Reputation: 47
I am trying to filter a dataframe using the isin() function by passing in a list and comparing with a dataframe column that also contains lists. This is an extension of the question below:
How to implement 'in' and 'not in' for Pandas dataframe
For example, instead of having one country in each row, now each row contains a list of countries.
df = pd.DataFrame({'countries':[['US', 'UK'], ['UK'], ['Germany', 'France'], ['China']]})

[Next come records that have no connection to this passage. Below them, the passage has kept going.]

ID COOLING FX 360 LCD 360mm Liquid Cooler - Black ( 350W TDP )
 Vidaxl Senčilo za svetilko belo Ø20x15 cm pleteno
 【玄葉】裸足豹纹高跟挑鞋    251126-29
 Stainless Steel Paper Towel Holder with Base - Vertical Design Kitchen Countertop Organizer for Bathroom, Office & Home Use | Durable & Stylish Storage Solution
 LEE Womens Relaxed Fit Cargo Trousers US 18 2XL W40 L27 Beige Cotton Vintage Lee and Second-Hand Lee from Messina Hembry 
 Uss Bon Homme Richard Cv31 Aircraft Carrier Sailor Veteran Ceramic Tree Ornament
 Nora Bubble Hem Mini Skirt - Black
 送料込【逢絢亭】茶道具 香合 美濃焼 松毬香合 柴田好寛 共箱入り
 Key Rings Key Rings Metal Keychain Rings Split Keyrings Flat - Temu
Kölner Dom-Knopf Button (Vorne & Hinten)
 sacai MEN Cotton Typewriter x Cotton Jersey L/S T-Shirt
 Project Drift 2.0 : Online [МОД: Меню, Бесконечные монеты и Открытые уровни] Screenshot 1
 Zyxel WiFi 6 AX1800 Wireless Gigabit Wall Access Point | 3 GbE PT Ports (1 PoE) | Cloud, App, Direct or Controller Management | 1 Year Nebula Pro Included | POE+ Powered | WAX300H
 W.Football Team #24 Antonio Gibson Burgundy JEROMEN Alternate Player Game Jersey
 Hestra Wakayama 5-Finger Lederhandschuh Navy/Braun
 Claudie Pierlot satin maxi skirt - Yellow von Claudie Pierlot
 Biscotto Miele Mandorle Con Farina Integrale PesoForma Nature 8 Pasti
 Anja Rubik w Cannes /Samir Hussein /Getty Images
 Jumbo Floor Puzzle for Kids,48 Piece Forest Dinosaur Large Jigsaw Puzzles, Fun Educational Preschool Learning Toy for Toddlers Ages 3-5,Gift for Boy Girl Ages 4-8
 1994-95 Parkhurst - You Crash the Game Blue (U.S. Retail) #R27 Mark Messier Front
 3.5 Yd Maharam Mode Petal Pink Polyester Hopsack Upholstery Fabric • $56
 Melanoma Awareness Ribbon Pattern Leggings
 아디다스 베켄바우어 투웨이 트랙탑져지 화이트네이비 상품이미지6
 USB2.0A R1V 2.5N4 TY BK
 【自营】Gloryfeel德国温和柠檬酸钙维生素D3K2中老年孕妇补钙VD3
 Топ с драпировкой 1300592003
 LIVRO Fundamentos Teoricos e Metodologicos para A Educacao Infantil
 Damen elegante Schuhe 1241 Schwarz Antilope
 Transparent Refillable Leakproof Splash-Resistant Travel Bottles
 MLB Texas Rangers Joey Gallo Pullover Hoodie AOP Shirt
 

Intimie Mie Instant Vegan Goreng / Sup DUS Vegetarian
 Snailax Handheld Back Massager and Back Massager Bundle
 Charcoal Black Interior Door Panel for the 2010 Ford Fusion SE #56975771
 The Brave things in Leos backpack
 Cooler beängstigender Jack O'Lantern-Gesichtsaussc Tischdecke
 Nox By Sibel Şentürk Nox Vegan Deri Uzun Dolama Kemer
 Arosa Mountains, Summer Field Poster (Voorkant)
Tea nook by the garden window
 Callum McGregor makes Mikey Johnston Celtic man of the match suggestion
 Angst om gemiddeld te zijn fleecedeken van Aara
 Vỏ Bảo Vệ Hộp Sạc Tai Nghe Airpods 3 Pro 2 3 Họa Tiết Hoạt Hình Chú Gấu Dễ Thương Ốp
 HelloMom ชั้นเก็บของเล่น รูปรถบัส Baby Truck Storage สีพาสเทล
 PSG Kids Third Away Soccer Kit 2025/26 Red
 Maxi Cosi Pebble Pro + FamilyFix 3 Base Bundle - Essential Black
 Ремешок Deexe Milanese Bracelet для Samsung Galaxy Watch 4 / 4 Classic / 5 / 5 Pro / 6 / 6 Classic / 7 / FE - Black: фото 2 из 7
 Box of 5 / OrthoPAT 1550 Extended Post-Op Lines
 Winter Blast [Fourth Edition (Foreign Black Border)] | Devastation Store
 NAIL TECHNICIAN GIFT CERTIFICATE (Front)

And to filter, I set two separate lists:
countries = ['UK','US']
countries_2 = ['UK']
The intended results should be the same because both rows 0 and 1 contain UK and/or US
>>> df[df.countries.isin(countries)]
countries
0 US, UK
1 UK
>>> df[~df.countries.isin(countries_2)]
countries
0 US, UK
1 UK
However Python threw the following error
TypeError: unhashable type: 'list'
Upvotes: 1
Views: 1465
Reputation: 862611
One possible solutions with sets and issubset
or isdisjoint
with map
:
print (df[df.countries.map(set(countries).issubset)])
countries
0 [US, UK]
print (df[~df.countries.map(set(countries).isdisjoint)])
countries
0 [US, UK]
1 [UK]
print (df[df.countries.map(set(countries_2).issubset)])
countries
0 [US, UK]
1 [UK]
print (df[~df.countries.map(set(countries_2).isdisjoint)])
countries
0 [US, UK]
1 [UK]
Upvotes: 1